SOURCE INFORMATION:

- Opening Delimiter -

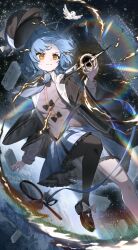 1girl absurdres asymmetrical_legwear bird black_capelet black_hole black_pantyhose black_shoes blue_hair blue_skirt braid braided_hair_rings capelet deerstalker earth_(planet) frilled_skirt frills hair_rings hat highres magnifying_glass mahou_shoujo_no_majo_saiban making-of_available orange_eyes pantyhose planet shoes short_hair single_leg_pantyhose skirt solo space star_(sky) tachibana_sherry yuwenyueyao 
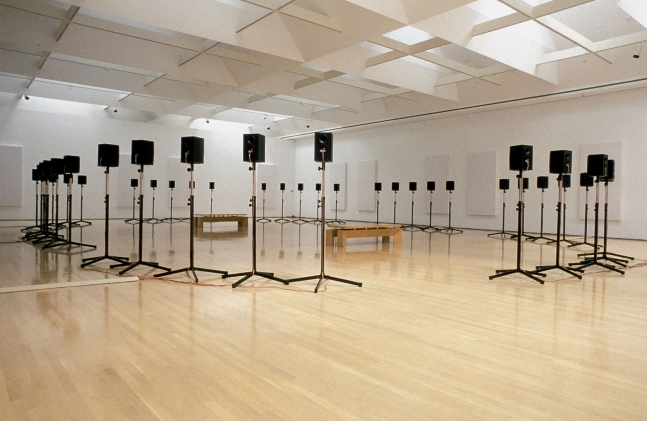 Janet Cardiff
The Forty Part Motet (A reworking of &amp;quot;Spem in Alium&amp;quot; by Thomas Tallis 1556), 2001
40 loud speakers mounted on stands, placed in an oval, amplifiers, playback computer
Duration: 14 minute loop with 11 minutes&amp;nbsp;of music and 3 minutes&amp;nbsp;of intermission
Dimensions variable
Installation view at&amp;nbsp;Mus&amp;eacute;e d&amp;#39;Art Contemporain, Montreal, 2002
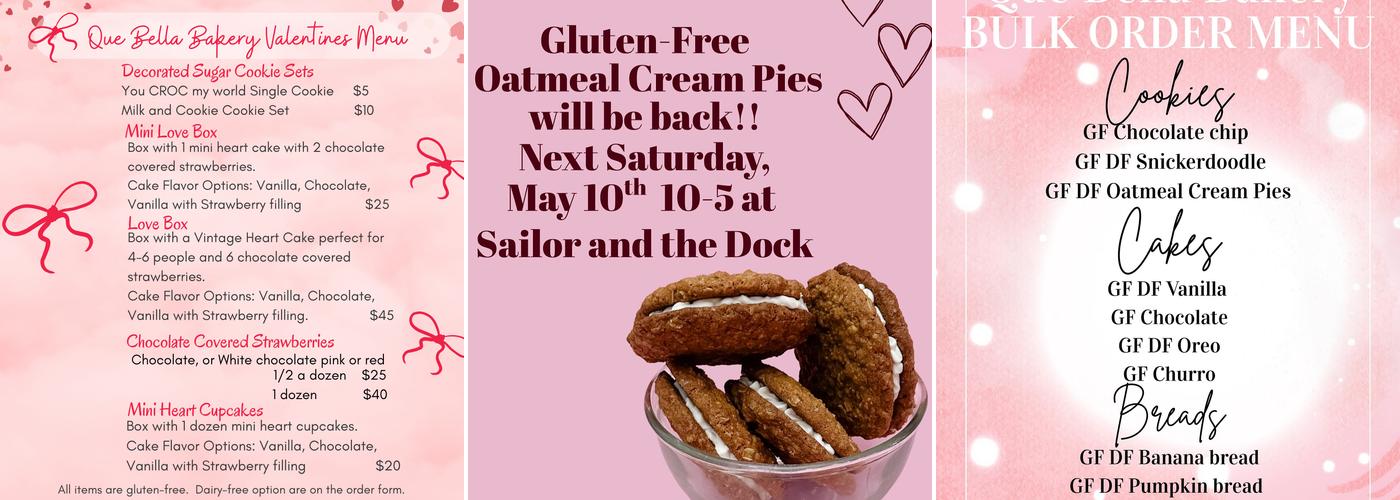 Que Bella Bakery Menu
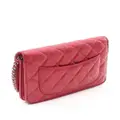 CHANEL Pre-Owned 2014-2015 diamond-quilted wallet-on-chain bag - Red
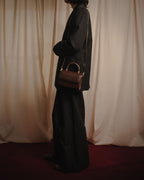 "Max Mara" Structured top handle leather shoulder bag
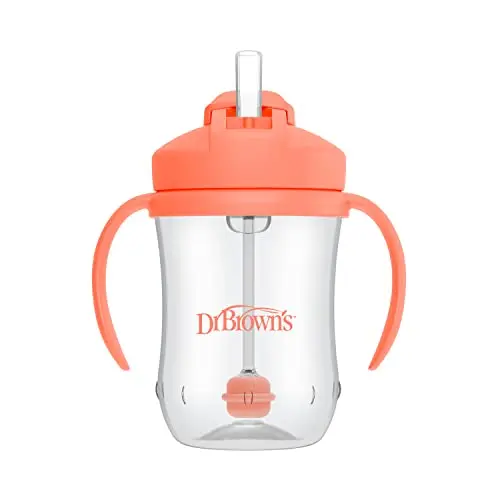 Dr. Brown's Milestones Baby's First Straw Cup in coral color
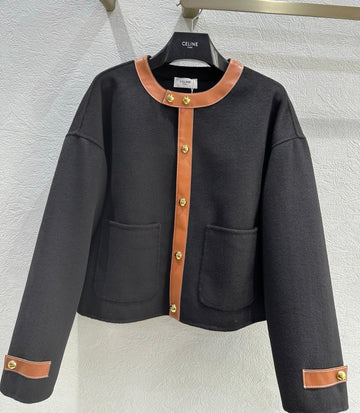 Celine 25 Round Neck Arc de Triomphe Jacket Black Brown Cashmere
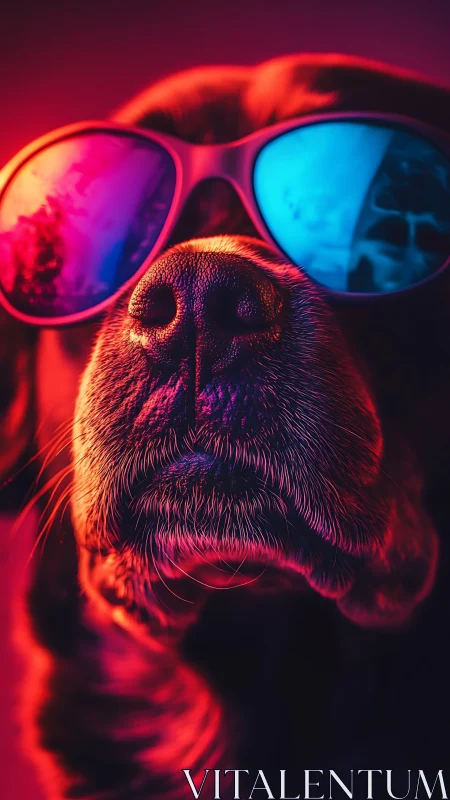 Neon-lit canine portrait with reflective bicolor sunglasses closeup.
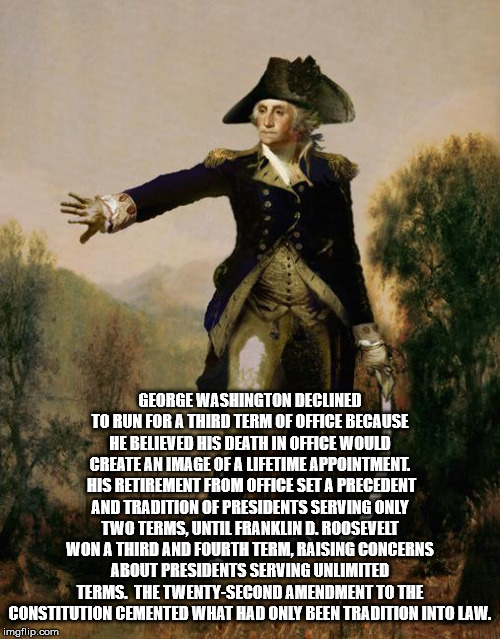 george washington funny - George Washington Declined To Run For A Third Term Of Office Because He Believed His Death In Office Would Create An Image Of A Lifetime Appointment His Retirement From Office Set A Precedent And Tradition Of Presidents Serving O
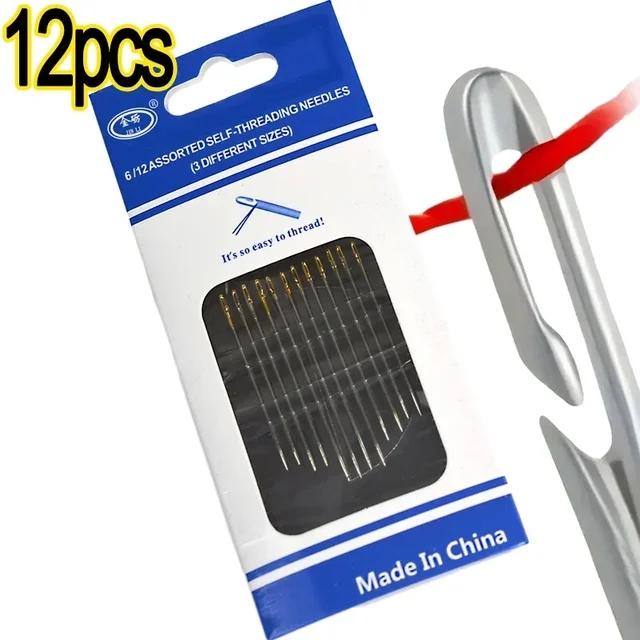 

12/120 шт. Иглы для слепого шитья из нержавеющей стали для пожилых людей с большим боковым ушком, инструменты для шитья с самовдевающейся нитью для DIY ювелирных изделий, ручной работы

- Closing Delimiter -
- Opening Delimiter -

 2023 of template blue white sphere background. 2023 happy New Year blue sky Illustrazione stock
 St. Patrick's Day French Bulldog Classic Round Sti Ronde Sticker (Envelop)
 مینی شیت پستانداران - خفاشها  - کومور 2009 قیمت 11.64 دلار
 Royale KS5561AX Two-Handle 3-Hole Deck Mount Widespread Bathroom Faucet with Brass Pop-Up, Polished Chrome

- Closing Delimiter -

ASSIGNMENT: In the data above, start at the line holding "Installation view at&amp;nbsp;Mus&amp;eacute;e" and stop after the line holding "12/120 шт. Иглы"; write out those lines exactly, without pictures.

OUTPUT OF THE EXERCISE:
Installation view at&amp;nbsp;Mus&amp;eacute;e d&amp;#39;Art Contemporain, Montreal, 2002
 Que Bella Bakery Menu
 CHANEL Pre-Owned 2014-2015 diamond-quilted wallet-on-chain bag - Red
 "Max Mara" Structured top handle leather shoulder bag
 Dr. Brown's Milestones Baby's First Straw Cup in coral color
 Celine 25 Round Neck Arc de Triomphe Jacket Black Brown Cashmere
 Neon-lit canine portrait with reflective bicolor sunglasses closeup.
 george washington funny - George Washington Declined To Run For A Third Term Of Office Because He Believed His Death In Office Would Create An Image Of A Lifetime Appointment His Retirement From Office Set A Precedent And Tradition Of Presidents Serving O

12/120 шт. Иглы для слепого шитья из нержавеющей стали для пожилых людей с большим боковым ушком, инструменты для шитья с самовдевающейся нитью для DIY ювелирных изделий, ручной работы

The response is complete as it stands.